━━━ Source records ━━━
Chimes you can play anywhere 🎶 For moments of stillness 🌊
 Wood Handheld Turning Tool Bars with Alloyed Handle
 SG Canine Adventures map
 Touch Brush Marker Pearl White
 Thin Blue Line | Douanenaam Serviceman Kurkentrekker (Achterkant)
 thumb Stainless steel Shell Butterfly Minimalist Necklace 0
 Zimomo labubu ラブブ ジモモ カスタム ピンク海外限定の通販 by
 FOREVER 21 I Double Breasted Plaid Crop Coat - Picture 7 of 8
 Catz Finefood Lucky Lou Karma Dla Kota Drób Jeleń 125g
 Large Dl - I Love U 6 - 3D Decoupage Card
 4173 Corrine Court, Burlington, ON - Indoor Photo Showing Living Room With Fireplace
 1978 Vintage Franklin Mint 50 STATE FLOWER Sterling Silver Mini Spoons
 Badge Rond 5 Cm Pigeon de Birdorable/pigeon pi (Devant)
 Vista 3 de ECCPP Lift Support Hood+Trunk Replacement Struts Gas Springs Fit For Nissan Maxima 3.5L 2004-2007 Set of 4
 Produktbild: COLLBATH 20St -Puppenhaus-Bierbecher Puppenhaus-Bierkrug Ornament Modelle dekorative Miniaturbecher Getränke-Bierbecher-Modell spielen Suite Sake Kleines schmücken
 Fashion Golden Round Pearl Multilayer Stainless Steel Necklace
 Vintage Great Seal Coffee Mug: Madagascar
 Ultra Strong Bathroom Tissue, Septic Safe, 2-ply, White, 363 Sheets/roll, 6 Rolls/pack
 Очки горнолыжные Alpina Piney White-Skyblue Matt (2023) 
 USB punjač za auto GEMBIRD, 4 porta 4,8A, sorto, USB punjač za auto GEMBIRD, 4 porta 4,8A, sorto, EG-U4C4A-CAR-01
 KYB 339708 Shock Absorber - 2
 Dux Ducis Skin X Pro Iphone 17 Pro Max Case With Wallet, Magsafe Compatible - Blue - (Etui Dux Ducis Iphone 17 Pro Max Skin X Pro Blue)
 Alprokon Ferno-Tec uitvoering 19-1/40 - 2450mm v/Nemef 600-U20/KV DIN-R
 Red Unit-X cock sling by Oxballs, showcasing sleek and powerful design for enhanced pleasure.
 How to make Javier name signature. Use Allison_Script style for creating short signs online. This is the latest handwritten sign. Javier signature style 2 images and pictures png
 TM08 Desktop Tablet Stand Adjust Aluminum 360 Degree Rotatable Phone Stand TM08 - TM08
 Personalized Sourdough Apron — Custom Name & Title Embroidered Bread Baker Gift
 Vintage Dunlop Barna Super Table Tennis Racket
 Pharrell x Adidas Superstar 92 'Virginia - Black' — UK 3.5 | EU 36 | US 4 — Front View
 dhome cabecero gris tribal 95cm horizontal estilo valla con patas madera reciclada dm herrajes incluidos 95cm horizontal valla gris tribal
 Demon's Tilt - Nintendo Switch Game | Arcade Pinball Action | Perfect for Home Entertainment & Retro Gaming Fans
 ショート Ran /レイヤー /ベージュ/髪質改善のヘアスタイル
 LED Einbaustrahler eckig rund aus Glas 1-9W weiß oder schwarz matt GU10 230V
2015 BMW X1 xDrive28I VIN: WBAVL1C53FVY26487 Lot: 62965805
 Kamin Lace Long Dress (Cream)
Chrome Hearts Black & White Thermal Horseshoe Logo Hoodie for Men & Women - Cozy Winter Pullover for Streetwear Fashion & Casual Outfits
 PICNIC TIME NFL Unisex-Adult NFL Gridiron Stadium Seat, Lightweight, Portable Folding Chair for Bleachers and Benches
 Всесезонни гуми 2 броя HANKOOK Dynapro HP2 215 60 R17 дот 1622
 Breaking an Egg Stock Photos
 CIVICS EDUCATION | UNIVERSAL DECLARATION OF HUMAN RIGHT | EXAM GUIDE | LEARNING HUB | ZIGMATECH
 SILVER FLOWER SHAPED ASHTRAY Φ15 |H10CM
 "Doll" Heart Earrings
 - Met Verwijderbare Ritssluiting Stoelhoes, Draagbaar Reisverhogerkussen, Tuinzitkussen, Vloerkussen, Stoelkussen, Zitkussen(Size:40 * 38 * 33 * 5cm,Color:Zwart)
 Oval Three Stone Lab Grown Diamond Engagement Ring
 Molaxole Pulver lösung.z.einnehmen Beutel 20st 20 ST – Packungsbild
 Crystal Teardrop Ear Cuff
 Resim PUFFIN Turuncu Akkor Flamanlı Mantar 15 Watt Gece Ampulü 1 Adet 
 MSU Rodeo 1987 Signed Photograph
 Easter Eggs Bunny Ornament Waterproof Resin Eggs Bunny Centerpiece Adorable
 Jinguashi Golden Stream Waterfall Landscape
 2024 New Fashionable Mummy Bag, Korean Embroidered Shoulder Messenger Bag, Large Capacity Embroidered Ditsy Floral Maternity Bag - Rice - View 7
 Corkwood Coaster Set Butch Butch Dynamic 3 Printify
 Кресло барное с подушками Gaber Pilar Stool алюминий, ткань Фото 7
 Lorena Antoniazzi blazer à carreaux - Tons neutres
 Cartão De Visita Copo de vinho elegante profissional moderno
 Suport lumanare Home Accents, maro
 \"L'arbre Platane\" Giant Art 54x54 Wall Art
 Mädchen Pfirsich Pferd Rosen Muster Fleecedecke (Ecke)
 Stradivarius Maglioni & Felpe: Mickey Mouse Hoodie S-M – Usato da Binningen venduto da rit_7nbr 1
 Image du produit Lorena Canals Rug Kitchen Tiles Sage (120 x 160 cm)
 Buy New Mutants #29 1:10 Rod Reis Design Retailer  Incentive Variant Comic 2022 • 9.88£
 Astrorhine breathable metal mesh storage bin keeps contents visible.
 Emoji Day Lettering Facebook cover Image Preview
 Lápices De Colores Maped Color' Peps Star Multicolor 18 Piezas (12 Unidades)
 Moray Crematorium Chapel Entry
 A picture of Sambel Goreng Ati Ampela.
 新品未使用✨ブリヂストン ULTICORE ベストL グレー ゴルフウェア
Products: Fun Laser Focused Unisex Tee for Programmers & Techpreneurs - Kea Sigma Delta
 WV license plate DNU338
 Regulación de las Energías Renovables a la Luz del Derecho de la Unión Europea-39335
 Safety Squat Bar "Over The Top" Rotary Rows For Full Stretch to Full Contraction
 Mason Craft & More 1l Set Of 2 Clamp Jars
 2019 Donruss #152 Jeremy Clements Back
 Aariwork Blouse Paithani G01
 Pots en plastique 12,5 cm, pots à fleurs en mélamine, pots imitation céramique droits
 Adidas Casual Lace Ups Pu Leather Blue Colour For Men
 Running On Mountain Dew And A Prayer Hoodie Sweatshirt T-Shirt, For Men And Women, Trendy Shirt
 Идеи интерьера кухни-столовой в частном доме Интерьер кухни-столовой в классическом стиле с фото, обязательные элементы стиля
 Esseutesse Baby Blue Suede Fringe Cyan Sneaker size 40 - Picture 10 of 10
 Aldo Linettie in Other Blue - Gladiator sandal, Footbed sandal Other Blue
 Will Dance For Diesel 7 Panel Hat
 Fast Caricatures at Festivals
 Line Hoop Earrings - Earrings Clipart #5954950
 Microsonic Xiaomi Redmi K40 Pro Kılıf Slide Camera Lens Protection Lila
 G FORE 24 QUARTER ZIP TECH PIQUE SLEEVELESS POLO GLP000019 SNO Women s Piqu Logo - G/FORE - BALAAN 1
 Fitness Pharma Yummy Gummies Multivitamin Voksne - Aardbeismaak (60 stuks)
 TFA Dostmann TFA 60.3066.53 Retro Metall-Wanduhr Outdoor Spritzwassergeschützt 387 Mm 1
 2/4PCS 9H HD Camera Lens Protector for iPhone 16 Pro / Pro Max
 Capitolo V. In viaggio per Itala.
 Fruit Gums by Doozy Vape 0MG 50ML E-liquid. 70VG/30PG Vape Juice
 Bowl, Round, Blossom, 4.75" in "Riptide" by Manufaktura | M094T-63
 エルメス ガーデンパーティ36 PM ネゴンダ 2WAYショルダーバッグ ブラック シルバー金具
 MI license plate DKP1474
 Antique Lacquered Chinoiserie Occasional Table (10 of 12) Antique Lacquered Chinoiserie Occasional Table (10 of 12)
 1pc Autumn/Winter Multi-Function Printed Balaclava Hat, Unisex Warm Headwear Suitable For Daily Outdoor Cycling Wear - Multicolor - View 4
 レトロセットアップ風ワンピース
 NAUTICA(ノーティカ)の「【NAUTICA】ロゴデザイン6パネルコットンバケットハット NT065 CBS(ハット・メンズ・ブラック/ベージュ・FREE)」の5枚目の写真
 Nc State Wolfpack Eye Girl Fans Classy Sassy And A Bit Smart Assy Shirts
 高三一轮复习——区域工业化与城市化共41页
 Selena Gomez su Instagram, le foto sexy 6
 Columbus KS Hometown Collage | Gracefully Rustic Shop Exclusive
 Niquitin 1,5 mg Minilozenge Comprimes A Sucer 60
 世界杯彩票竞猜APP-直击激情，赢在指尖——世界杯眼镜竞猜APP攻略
━━━
● What the task asks:
Reproduce, exactly as they stand in the data above, the lines from the one that holds "Capitolo V. In viaggio per Itala." to the one that holds "MI license plate DKP1474", inclusive.

● Answer section:
 Capitolo V. In viaggio per Itala.
 Fruit Gums by Doozy Vape 0MG 50ML E-liquid. 70VG/30PG Vape Juice
 Bowl, Round, Blossom, 4.75" in "Riptide" by Manufaktura | M094T-63
 エルメス ガーデンパーティ36 PM ネゴンダ 2WAYショルダーバッグ ブラック シルバー金具
 MI license plate DKP1474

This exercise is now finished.